Specificity of the new test

The negative controls with unused culture medium gave completely negative result (Fig. 1). Among the 40 cases, 22 are female showing two X chromosomes, 17 male showing a single X and a single Y chromosome and one case showing one X no Y (X0). The three samples from each case gave identical results on sexual chromosomes. The entire procedure took less than 12 hours to complete including specimen sampling, DNA amplification, sequencing and analysis if time for sample transportation and handling was not counted.

Figure 1

Negative controls with culture medium only gave completely negative result with splattering dots demonstrating that no DNA was successfully amplified.NC1: Culture medium processed identically to that of the spent medium but without embryo; NC2: Fresh culture medium.

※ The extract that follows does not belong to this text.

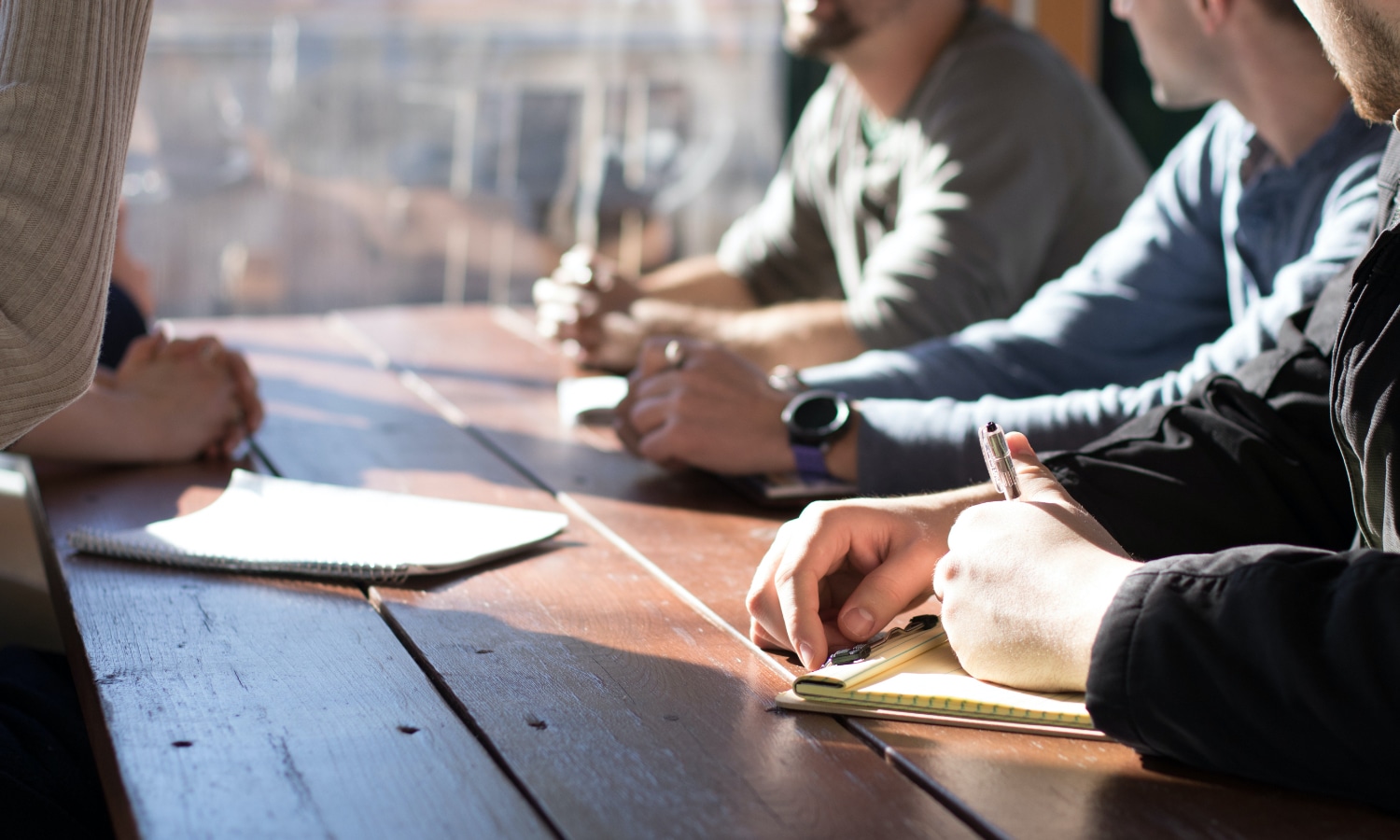 people at a conference table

The new less-invasive method generated information of chromosomal aneuploidy for embryo analysis

The original results of our tests were presented in Figs 1–6 and Supplement Tables S2–S4. Three samples were not successfully amplified due to DNA disintegration for reasons unknown and were excluded from further analysis (one remaining embryo (ID: 9913-6), one cell biopsy samples (ID: 12943-4) and one ECB samples (ID: 14515-1)). Comparison of results obtained with the three types of samples gave five different sets of results (Table S2). In Group 1, which included 15 cases, the chromosomal patterns derived from all three types of samples were in agreement. Among these, 11 cases were normal (Fig. 2a) and 4 showed aneuploidy in all three samples (Fig. 2b). Group 2 had 2 cases in which the ECB method and the biopsy method were in agreement but differed from that of the remaining embryo (Fig. 3). Group 3 had 12 cases in which the biopsy method and the remaining embryo gave the same results but differed from that of the non-invasive method (Fig. 4). Group 4 had 4 cases in which the non-invasive method and the remaining embryo gave the same results but not the biopsy method (Fig. 5). Group 5 included 7 cases in which three types of samples were in disagreement with one another (Fig. 6).

Figure 6

Three types of samples were in disagreement with one another. In this case, the remaining embryo showed a clear chromosomal 21 aneuploidy but the biopsy had normal chromosomes while the culture medium/blastocoel fluid showed a different aneuploidy chromosomal pattern.

Figure 2

Examples of agreement among the three types of samples. (a) Example of results of all three sources showing identical chromosomal pattern with no aneuploidy. (b) Example of results of all three DNA sources, all showing aneuploidy for chromosomal 16.

Figure 3

Results of the ECB method and the biopsy method were the same but were different from that of the remaining embryo. In this case, cell biopsy (TE) showed a clear chromosomal 7 aneuploidy but the remaining embryo (RE) had normal chromosomes while the embryo culture medium/blastocoel fluid (ECB) showed a half decrease at chromosome 7. Clearly, the result of cell biopsy did not represent that of the remaining embryo. It is likely that the aneuploidy only existed in the biopsied cells but not in the entire embryo. In this case, the culture medium/blastocoel fluid would be a better representation of the chromosomal dynamics of the entire embryo.

Figure 4

The biopsy method and the remaining embryo gave the same results but were different from that of the non-invasive (ECM) method. In this case, cell biopsy and remaining embryo demonstrated normal chromosomes but culture medium/blastocoel fluid showed additional abnormalities for chromosomes 8 and 18 suggesting that perhaps there were repairing activities at chromosomes 8 and 18 during development. Therefore this embryo would be less than ideal for implantation despite of the fact that cell biopsy gave a normal appearance. However, if there is a shortage of qualified embryos for this patient, this embryo can also be a candidate for consideration of implantation.

Figure 5

The non-invasive method (ECM) and the remaining embryo (RE) gave the same results but the biopsy method (TE) showed abnormality. In this case, the culture medium/blastocoel fluid and the remaining embryo gave the same results (both normal) but the cell biopsy method gave a clear aneuploidy for chromosome 14 showing that the biopsied cells may not always represent the entire embryo.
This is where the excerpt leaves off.